Oleum Olivae. Olive Oil.

Botanical name: 

This oil is obtained from the fruit of the Olea Europea, or olive tree now common to the shores of the Mediterranean. This tree is usually from fifteen to twenty feet high; with evergreen, lanceolate leaves two to three inches long, and small white flowers in axillary clusters. The fruit is a small oval drupe, of a peculiar greenish (olive) color, three-fourths of an inch long, and with a fleshy pericarp. This pericarp abounds in a fixed oil, which is obtained by pressure. The finest kind is obtained by lightly crushing the fruit that is gathered before it is perfectly ripe, and letting the oil separate spontaneously. Only a moderate quantity is thus obtained, and is mostly used in Europe. Afterwards, the olives are beaten to a paste in a mill, allowed to stand for two or three days, and then subjected to only a moderate pressure. This is called virgin oil, and has a greenish tinge. For the ordinary oil of commerce, the olives are gathered when fully ripe, (and the marc left after the virgin oil is obtained, is also used,) crushed and mixed with boiling water, and then submitted to moderate pressure, the oil being removed from the surface after a few hours. This process yields a quality only a little inferior to the virgin oil.

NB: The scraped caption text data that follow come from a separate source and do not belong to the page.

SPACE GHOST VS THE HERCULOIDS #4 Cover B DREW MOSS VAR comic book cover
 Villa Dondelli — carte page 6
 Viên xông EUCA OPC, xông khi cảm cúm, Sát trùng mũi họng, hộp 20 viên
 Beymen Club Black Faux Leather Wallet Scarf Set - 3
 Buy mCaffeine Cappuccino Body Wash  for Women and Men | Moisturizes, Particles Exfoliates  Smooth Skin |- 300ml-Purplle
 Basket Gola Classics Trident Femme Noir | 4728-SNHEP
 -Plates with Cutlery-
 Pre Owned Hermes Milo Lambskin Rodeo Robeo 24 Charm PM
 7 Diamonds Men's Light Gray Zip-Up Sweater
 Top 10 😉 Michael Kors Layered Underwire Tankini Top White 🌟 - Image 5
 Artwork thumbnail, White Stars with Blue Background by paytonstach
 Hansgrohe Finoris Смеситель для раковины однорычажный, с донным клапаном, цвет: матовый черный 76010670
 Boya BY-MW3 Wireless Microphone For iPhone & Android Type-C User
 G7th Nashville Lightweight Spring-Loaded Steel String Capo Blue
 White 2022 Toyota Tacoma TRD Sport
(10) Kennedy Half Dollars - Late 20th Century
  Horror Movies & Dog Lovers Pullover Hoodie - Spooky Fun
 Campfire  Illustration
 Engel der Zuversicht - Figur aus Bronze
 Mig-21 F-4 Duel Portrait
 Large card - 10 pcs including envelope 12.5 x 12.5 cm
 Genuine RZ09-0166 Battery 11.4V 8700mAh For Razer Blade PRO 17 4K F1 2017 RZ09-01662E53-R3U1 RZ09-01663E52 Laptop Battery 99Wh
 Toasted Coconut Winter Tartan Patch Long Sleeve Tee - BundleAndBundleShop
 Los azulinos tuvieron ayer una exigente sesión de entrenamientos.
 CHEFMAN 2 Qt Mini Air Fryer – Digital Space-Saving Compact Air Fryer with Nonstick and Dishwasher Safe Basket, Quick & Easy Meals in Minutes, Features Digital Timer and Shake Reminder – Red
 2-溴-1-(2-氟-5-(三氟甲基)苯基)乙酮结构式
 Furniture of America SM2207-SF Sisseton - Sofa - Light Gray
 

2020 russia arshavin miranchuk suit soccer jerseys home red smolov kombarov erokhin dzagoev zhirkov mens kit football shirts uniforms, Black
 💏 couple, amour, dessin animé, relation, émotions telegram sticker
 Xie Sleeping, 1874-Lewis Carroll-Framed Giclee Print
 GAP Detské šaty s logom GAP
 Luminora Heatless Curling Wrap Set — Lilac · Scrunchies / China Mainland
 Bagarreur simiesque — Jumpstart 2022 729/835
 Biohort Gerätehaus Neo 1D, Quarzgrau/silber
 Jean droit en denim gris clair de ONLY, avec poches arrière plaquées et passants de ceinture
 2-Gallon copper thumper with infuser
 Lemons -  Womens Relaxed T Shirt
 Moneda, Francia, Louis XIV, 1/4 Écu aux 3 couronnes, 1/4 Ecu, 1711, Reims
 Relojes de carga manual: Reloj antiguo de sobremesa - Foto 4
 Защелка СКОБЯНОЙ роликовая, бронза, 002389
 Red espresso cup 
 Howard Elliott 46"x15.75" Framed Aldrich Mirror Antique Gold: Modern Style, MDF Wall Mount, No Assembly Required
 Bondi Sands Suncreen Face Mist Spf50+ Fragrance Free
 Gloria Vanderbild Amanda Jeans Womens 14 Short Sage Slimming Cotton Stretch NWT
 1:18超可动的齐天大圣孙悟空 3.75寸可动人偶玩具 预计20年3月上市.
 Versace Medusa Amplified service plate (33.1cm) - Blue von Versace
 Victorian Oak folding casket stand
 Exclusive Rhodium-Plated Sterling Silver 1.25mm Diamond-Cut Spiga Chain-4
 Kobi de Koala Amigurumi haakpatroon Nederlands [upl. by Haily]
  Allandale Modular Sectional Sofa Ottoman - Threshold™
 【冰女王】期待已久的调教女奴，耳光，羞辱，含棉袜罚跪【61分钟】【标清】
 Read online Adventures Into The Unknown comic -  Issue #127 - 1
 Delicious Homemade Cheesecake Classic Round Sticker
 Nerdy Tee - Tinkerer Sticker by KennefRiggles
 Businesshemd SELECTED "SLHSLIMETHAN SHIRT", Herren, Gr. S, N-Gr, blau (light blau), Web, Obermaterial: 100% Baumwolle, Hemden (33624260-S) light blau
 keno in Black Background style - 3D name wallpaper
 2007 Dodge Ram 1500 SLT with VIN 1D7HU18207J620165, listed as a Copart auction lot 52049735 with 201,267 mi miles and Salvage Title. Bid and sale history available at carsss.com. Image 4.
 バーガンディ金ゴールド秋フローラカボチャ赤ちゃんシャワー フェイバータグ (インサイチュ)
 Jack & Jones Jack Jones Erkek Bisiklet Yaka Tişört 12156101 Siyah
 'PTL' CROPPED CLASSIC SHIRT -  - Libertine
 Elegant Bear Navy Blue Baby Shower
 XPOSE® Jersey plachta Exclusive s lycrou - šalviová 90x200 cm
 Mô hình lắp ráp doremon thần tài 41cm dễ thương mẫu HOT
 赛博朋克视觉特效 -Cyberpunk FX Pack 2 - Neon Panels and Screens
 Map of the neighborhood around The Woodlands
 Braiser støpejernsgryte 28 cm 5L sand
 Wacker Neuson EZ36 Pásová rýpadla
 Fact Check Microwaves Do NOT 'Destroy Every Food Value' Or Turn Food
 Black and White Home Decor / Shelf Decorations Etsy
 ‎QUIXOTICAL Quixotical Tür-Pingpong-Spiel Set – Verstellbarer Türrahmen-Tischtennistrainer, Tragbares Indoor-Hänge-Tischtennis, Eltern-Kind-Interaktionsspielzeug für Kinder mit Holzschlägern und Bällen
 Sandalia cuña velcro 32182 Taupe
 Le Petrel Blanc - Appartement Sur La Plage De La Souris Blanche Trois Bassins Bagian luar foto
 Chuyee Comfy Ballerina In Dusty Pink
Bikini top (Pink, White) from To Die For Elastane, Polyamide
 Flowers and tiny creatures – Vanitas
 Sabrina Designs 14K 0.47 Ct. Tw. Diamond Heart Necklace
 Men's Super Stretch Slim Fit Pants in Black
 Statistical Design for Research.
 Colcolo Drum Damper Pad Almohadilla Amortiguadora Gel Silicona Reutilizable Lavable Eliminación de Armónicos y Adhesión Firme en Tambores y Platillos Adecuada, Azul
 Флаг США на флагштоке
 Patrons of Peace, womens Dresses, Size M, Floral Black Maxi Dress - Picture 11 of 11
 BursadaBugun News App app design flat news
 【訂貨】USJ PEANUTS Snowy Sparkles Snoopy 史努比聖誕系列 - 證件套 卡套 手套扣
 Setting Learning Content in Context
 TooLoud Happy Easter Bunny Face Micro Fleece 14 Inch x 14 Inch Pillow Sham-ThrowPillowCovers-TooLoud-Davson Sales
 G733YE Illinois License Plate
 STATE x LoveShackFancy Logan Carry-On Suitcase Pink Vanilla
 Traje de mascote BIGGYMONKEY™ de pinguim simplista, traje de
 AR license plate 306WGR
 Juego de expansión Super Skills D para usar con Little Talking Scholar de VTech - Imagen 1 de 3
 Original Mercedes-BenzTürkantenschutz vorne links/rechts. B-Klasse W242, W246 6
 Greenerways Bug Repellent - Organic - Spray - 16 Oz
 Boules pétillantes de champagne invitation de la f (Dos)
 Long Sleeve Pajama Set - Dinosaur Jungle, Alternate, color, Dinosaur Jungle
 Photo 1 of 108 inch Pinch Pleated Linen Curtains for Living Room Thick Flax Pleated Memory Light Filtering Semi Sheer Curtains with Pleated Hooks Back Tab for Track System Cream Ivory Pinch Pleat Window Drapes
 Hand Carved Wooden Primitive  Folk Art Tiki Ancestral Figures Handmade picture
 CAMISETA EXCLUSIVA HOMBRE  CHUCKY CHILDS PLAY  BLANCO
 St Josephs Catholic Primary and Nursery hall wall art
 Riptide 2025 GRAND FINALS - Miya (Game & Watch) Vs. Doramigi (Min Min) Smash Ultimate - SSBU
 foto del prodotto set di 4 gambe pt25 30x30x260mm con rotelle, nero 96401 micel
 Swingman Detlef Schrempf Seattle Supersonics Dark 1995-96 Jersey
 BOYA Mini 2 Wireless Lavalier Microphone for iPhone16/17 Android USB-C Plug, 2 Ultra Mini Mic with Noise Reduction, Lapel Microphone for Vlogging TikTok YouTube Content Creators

The coarser products, to be used in the manufacture of soaps and similar purposes, are obtained by breaking up the latter marc, adding water and allowing it to ferment for a few days, and then subjecting the mass to very strong pressure.

Olive oil is of a pale-yellowish, sometimes greenish, tinge, a bland and slightly sweet taste, and is nearly odorless, or else of a faint milky flavor. At a temperature of 38° F., it begins to congeal; and at the freezing point separates into a whitish concrete mass below and a limpid fluid above. This fact gives a convenient method for testing the purity of a sample; as it will not separate thus, at the freezing point, if adulterated with oil of poppies. Other oils, and especially lard, concrete considerably above the freezing point; and a mixture of poppy oil and lard does the same–the lard always becoming much solider than the congealed portion of olive oil. About one-third of the olive oil, or a little less, is concrete. Only a very small percentage is soluble in alcohol; but if congealed, as above, the liquid olein is readily soluble in alcohol. It is not a drying oil, but becomes thicker and rancid by exposure. This oil is refined for the watchmakers by immersing in a vial of it a strip of sheet-lead and placing the vial in the sun. The oil by degrees gets covered with a curdy mass, which after some time settles to the bottom, while the oil becomes limpid and colorless, and is then decanted into another vial.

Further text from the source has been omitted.